= Zero Woman =

Japanese adult film series

Zero Woman (ゼロウーマン) is a Japanese video exploitation series with ten entries dating from 1974 to 2007. The series chronicles the adventures of a woman named Rei, who, working for a fictional Tokyo Metropolitan Police Department secret agency called Zero Division, goes undercover to infiltrate unsavory groups and assassinate drug kingpins, mercenaries, and various criminals and their henchmen. The original film may have been the inspiration for Luc Besson's 1990 film La Femme Nikita.

==Series==
Zero Woman: Red Handcuffs (０課の女　赤い手錠, Zeroka no onna: Akai wappa) was released by the Toei studio in May 1974. Along with Female Convict 701: Scorpion and its sequels, it was part of Toei's Pinky Violence series of sexploitation films made in response to the success of the Nikkatsu studio's Roman Porno titles. The film starred Miki Sugimoto as Rei who is released from prison to become the deadly assassin Zero Woman for a secret government agency. Also featured are Eiji Gō, Tetsurō Tamba, Hideo Murota and Yōko Mihara. The film was directed by Yukio Noda and like the Female Convict Scorpion series was based on a manga by Tōru Shinohara.

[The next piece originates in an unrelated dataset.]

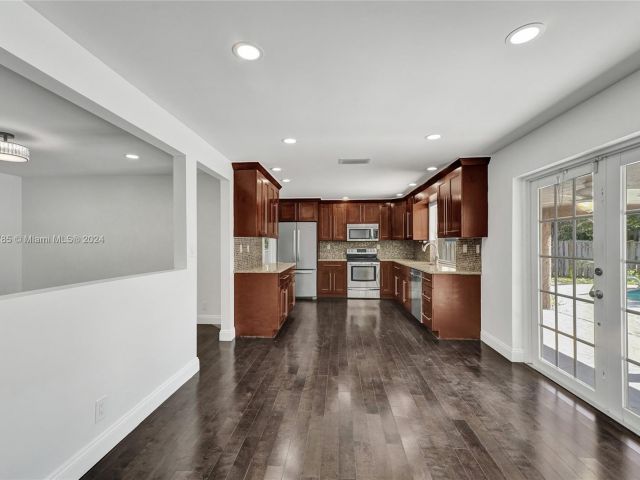 Продажа дома по адресу 620 NE 2ND STREET - фото 5544728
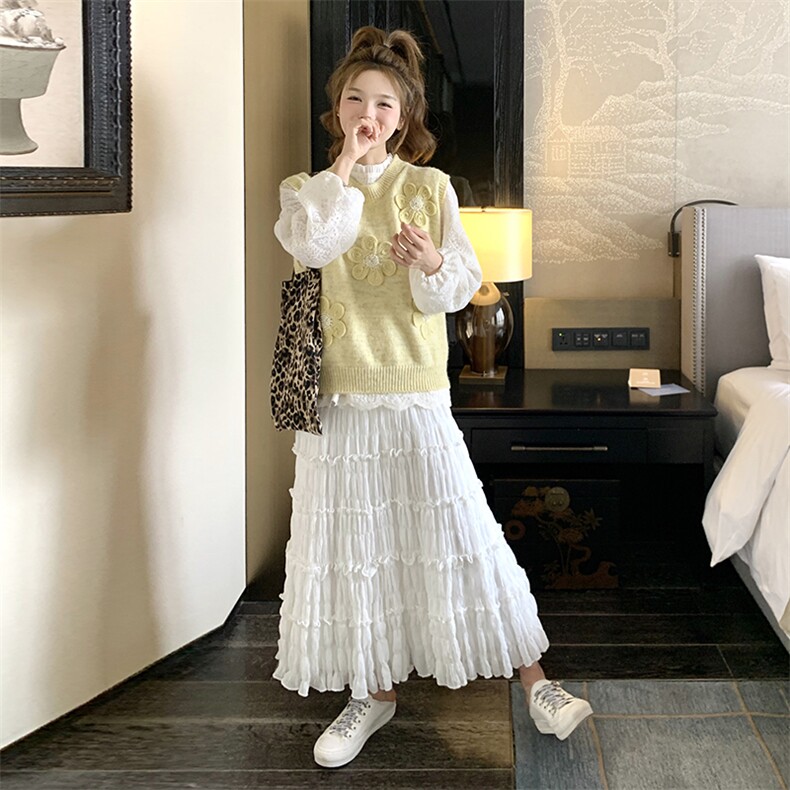 韩系时尚减龄两件套女2025初春新款黄色花朵针织马甲蕾丝内搭套装,女装马甲,维壹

Possibly due to the success of the 1990 La Femme Nikita and the 1993 American film rendition of the Nikita story, Point of No Return, in the mid-1990s, a movie and a series of low-budget straight-to-video V-cinema releases based on the original Zero Woman appeared. A different actress played Rei in each of the productions. The January 1995 movie, Zero Woman: Final Mission (Zero WOMAN　警視庁０課の女, Zero Woman: Keishichō 0-ka no onna) was directed by Koji Enokido and starred Naoko Iijima (as Rei) and Tokuma Nishioka.

From 1995 to 2004, seven V-cinema works were released:
- Zero Woman 2 AKA Zero Woman (Zero WOMAN ＩＩ　警視庁０課の女, Zero Woman II: Keishichō 0-ka no onna) (1995) starring Natsuki Ozawa
- Zero Woman: Assassin Lovers (Zero WOMAN ＩＩＩ　警視庁０課の女, Zero Woman III: Keishichō 0-ka no onna) (1996) starring Kumiko Takeda
- Zero Woman: The Accused (Zero WOMAN　名前のない女, Zero Woman: Namae no nai onna) (1996) starring Mai Tachihara
- Zero Woman: The Hunted (Zero WOMAN　消せない記憶, Zero Woman: Kesenai kioku) (1997) starring Mikiyo Ono
- Zero Woman: Dangerous Game (Zero WOMAN　危ない遊戯, Zero Woman: Abunai yūgi) (1998) starring Chieko Shiratori
- Zero Woman Returns (Zero WOMAN　最後の指令, Zero Woman: Saigo no shirei) (1998) starring Saori Ono
- Zero Woman 2005 (新ゼロ・ウーマン　０課の女　再び…, Shin Zero Woman 0-ka no onna: futatabi...) (2004) starring Maiko Tōno

In 2007, the pink film studio Shintōhō Eiga released the tenth entry in the series, Zero Woman R (ゼロ・ウーマンＲ　警視庁０課の女／欲望の代償, Zero Woman R: Keishichou 0-ka no onna yokubou no daishou), directed by Ken'ichi Fujiwara and starring Atsuko Miura as Rei. Also in the cast were Sasa Handa, Masaki Miura and Hiromitsu Kiba. The film was released theatrically by Shintōhō on May 26, 2007, and a DVD edition was published by the Take Shobo company in July 2007.